Print exactly the line that contains "We can see here" along with every line beneath it to the end of the records below, and omit pictures.

======== Working data ========

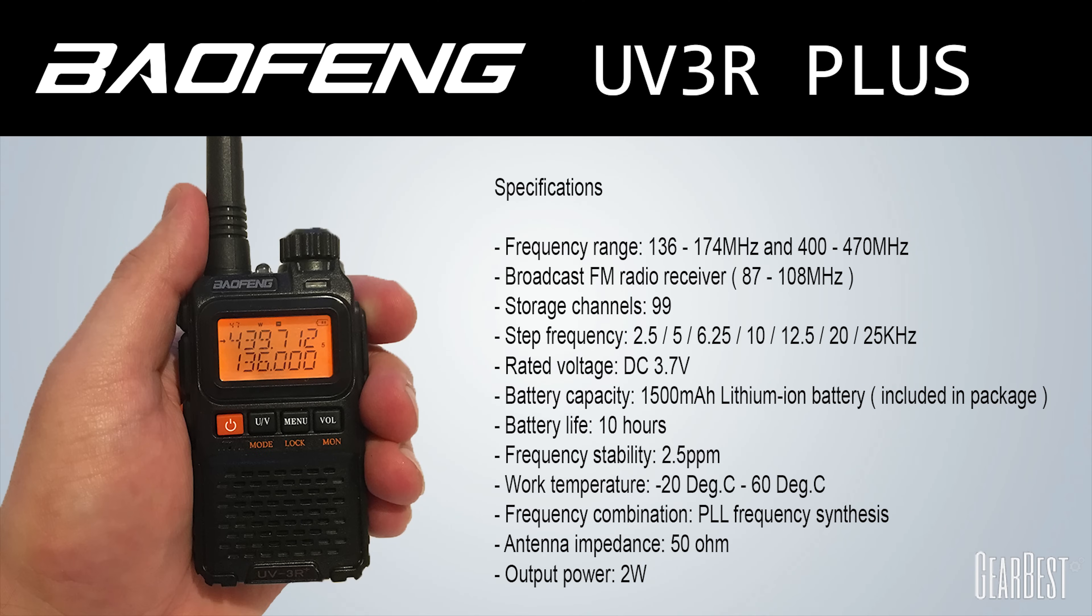Hi and welcome back to another TechMinds video. In this one we're going to be taking a brief look at the Baofeng UV3R Plus which has been kindly sent to me by the guys over at GearBest.com.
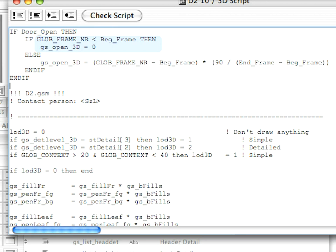it would be at that value at the beginning, then at the BEG_Frame, it would suddenly change to zero degrees, then it would gradually open.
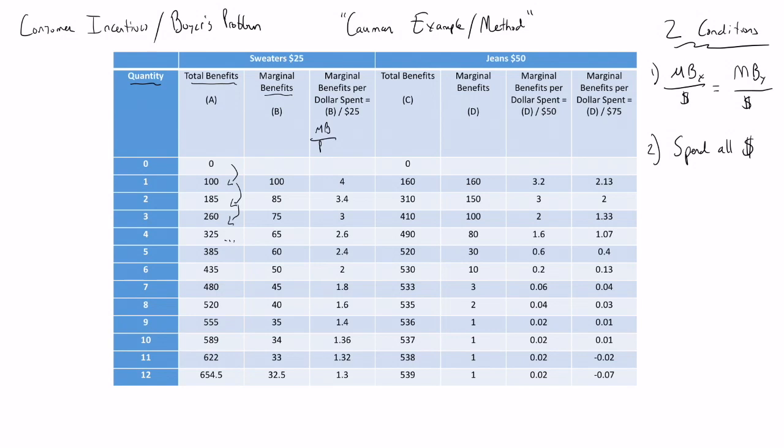We can see here for sweaters with one sweater we had a marginal benefit of 100, and then the marginal benefit per dollar spent was just 100 divided by 25 which equals 4.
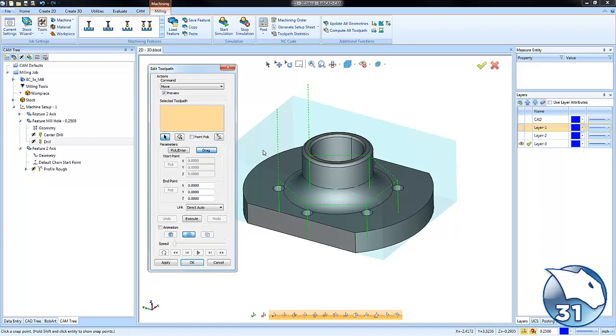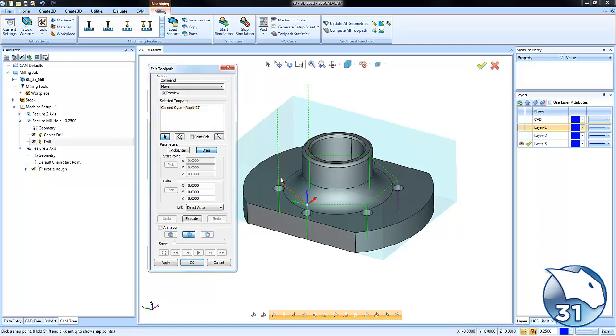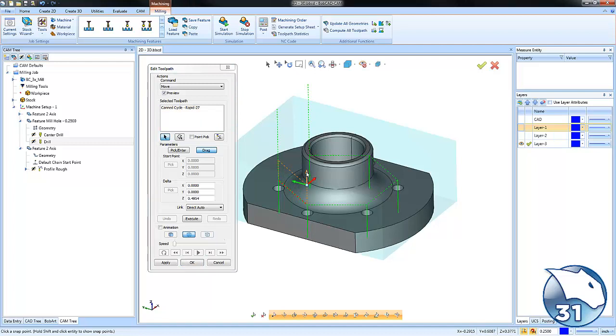Using the move command, we can select our toolpath and we can choose drag in order to move the clearance value for our drill cycle here. This is just one of the many ways that you can use the toolpath editor to directly edit your toolpath.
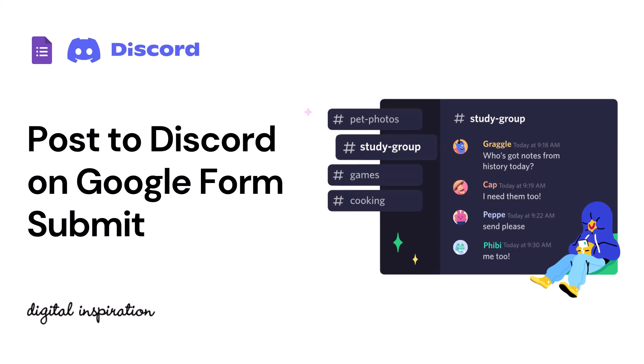Discord is an instant messaging and group chatting platform used by millions of people. With the Document Studio add-on, you can easily integrate Discord with Google Forms and automatically post messages in Discord servers when a new Google Form response is received. Let's start.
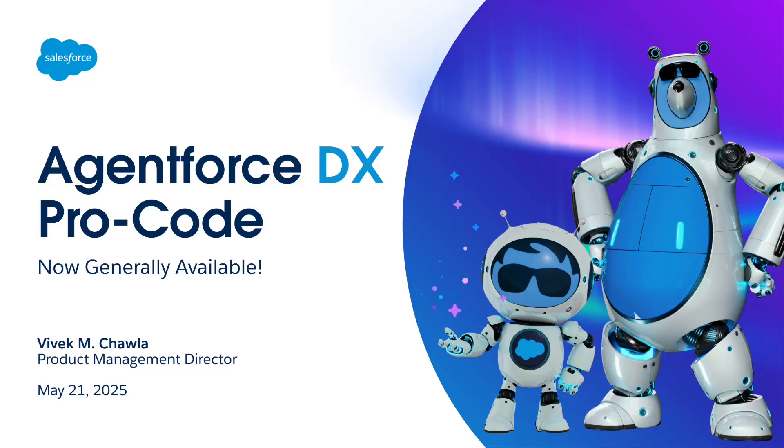Hi, I'm Vivekam Chawla, a Developer Experience Product Manager at Salesforce. I want to tell you about some new tools we just released to help ProCode developers build faster and better with AgentForce.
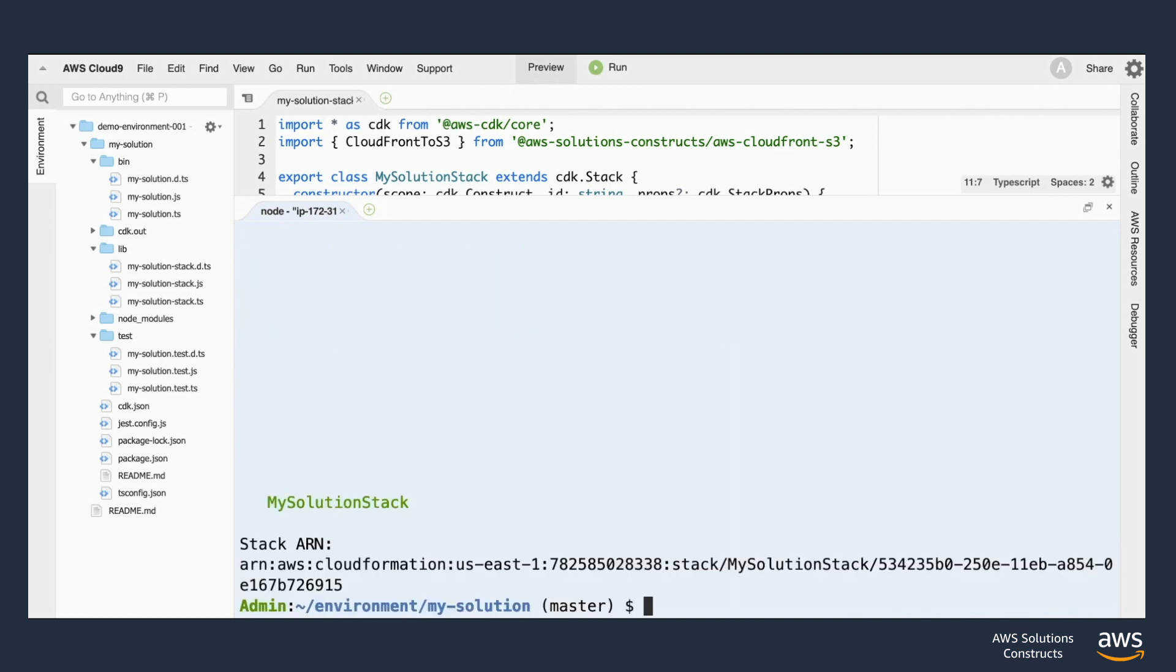Now we see it says all done and this means that our stack has been deployed into our AWS account without any issues. You can now manage your stack from both your development environment here as well as through the CloudFormation console if you prefer.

========

=== Answer space ===
We can see here for sweaters with one sweater we had a marginal benefit of 100, and then the marginal benefit per dollar spent was just 100 divided by 25 which equals 4.
Using the move command, we can select our toolpath and we can choose drag in order to move the clearance value for our drill cycle here. This is just one of the many ways that you can use the toolpath editor to directly edit your toolpath.
Discord is an instant messaging and group chatting platform used by millions of people. With the Document Studio add-on, you can easily integrate Discord with Google Forms and automatically post messages in Discord servers when a new Google Form response is received. Let's start.
Hi, I'm Vivekam Chawla, a Developer Experience Product Manager at Salesforce. I want to tell you about some new tools we just released to help ProCode developers build faster and better with AgentForce.
Now we see it says all done and this means that our stack has been deployed into our AWS account without any issues. You can now manage your stack from both your development environment here as well as through the CloudFormation console if you prefer.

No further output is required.